Acquisitions department:
Light, which is good. Inherited an old sweater of my dad's that no one's worn in.. well, twelve + years, now, and can't seem to take it off (mostly, it's cold). Thirteenth Christmas without my dad, this year. But my sixth Christmas with Chris. That's amazing to think about, too. Chris, who magically remembers everything I say in even vague "Oh, it might be nice to have a..." got someone a flock of chicks for me, through Heifer International, which I think is the most thoughtful and wonderful gift I've gotten in a long, long time.
Complications:
Among others... Albert.
So we were gone several days, but it was really cold and frosty, and I didn't get a chance to acclimatize Albert to going back outside, and frankly, got selfish and wanted to not have to take down the festive before xmas - and wanted a chance to camp out by the tree with the lights on one night (this will be tonight). So I watered him really well and left him inside.
Our best pals and neighbors house-sat for us, and (totally appropriately) cranked up the heat for the two nights they stayed here from the starvation rations we keep it at, and turned it back down when they left. And the two weeks or so that Albert's been inside is way longer than is suggested. But everything I saw only mentioned the trouble with getting dried out, and I gave him plenty of water, and he seemed springy and healthy.
Apparently the other problem with being inside too long is that a pine tree will start to think it is spring, and break dormancy.
I came home to find Albert covered in beautiful, precious, fluffy sprigs of pale chartreuse all over. He looks impossibly bushy and bright.
How could that be wrong?
Unfortunately, everything I can find now says, "Never let them break dormancy, or they will die when"--mark WILL and WHEN--"you put them outdoors." (Why would you put them outdoors to die if it's inevitable they'd die out there? And how about an "If this happens, you can do x," please?!)
Like a desperate mother, I search for alternative treatments for my doomed and written off and still apparently very happy and healthy (at the moment) baby.

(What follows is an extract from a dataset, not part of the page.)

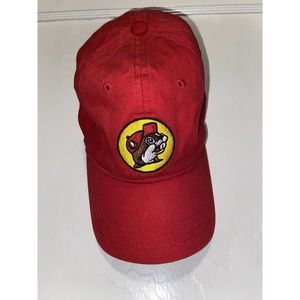 Buc-ee's Bucees Gas Station Red Beaver Cotton Baseball Style Hat Cap Adjustable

I finally--after pages and pages--found something saying that, if dormancy were to be broken (it was still a cautionary tale), you would have to keep them indoors until chance of frost was over. (Eureka! This, I can do!) ...But that this, too, would cause inevitable death, because surviving an in-home winter and spring is not likely, what with heat and dryness. And that pines tend to need a long wintery rest, which will now have been cut short.
So.
Everybody on the internets is talking doom at my tree.
Everybody on the internets refuses to troubleshoot, and instead, too late, offers me warnings of evil spirits and inevitable death.
So I put it to you that we need to have, on the internets, good juju, and assurances that an Aleppo pine accidentally propelled into an early Spring inside a home that goes really light on the heat and keeps the humidity up and where, in fact, he will get water and be gentled, will not only survive winter but survive Spring, make a peaceful transition back into outdoor life when the temps. aren't so shocking, and, though tired by next winter, will transition into next year's dormancy for a good long rest without much comment beside that. ("Albert will rock the casbah!" in a comment would do very nicely, for instance. Or even just some good wishes generally.)
Or if you have had any experience evading doom or know you some indoorable pine info, please share!
Now, I have spent way too much of my evening online, and need to get to a little gentling-into-sleep-mode and have my (apparently very dangerous) night out by my sweet little Albert. I hope all of y'all have had a wonderful (or at least not-too-stressful) week, whatever you did or did not do with it.